Zur Österlichen Bußzeit 2022
Vorwort anlässlich der Ukrainekrise
Liebe Schwestern und Brüder,
vor dem eigentlichen Hirtenwort zur Fastenzeit, dessen Fertigstellung mit Kriegsbeginn in der Ukraine zusammenfiel, möchte ich Ihnen kurzfristig ein Wort des Dankes und der Ermutigung zusprechen.
Seit über eine Woche wissen wir uns mit dem Krieg im Osten Europas in einer Ausnahmesituation. Ihr Kinder und Jugendliche erlebt erstmals, dass ein Krieg uns so nahe ist und betroffen macht. Dabei ist Krieg nie eine Lösung und die Welt danach keinen Deut besser! Und noch schlimmer: Was vor über einer Woche begann, wird nicht in einer Woche vorbei sein. Wir werden mit unserer Solidarität einen langen
Atem brauchen – lassen Sie uns auch dann noch hinschauen, wenn die
Medien wieder aus anderen Teilen der Welt berichten.

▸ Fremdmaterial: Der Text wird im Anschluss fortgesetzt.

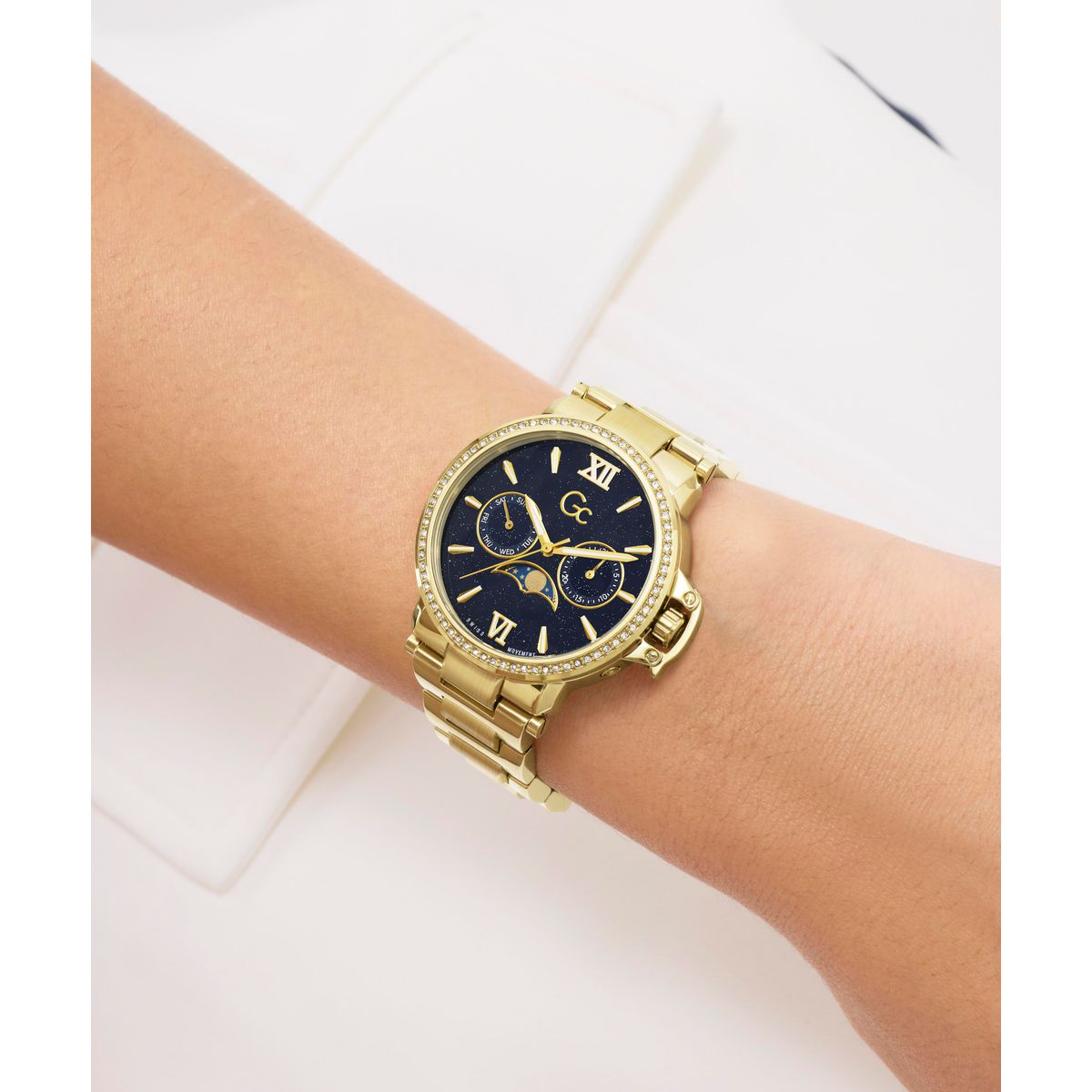 Gc Round 36mm Blue Dial Analog Women Watch - Z69004L7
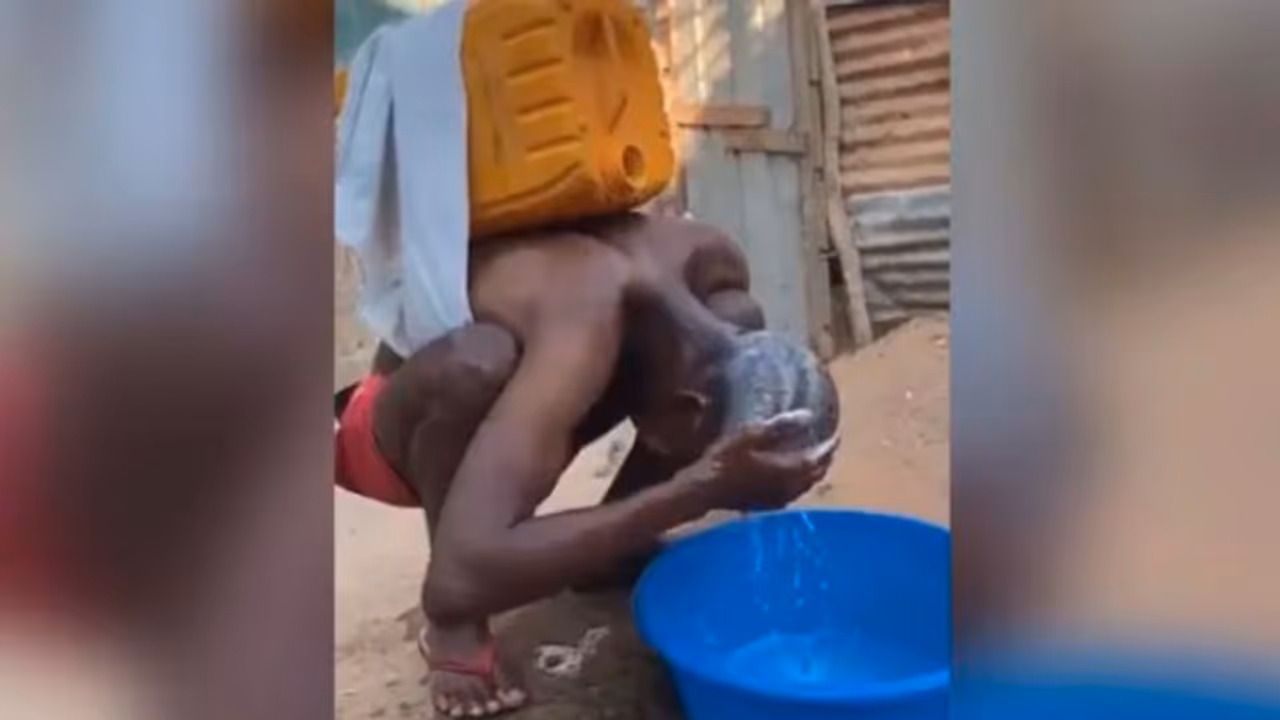 ഇങ്ങനെയും തല കഴുകാം; 'വെറൈറ്റി' വഴിയുമായി യുവാവ് ; വീഡിയോ വൈറല് ഇങ്ങനെയും തല കഴുകാം; 'വെറൈറ്റി' വഴിയുമായി യുവാവ് ; വീഡിയോ വൈറല്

Bereits der Prophet Jeremia kennt Gottes Gewissheit: „Ich will euch Zukunft und Hoffnung geben“ (Jer 29,11). In diesen Tagen erlebe ich, dass diese Verheißung schon Wirklichkeit wird – durch gelebte Nächstenliebe von Ihnen. Was ich in Europa, in unserem Land, aber besonders auch in unserem Bistum Dresden-Meißen an kleinen und
großen Initiativen wahrnehmen konnte, ist großartig und schenkt mir Hoffnung. Die spontane Sammlung von Hilfsgütern und die Transporte
an die Grenze, die vielen Spenden, die Bereitschaft, die eigenen vier Wände für Flüchtlinge zu öffnen, die anhaltenden öffentlichen Kundgebungen und das Gebet so vieler für den Frieden sind für mich Lichtschimmer in einer Welt, die uns wie finstere Nacht erscheint. Ich sehe dahinter die Sehnsucht vieler nach Menschlichkeit, Solidarität und Zusammenhalt. Es zeigt mir, wie sehr wir im Wert des friedlichen und gewaltfreien Miteinander zusammenstehen.
Bei den derzeitigen Auseinandersetzungen ist mir wichtig, dass wir als Menschen beieinanderbleiben – mit den Menschen in der Ukraine, aber auch mit den Menschen in Russland. Dieser Krieg ist falsch. Die Sanktionen dagegen sind notwendig. Ross und Reiter müssen benanntund gezügelt werden. Aber lasst uns auch Brücken erhalten zu den Menschen in Russland, die Frieden stiften. Lassen wir uns als Menschen guten Willens nicht auseinandertreiben. Hass beginnt im Herzen, Frieden auch.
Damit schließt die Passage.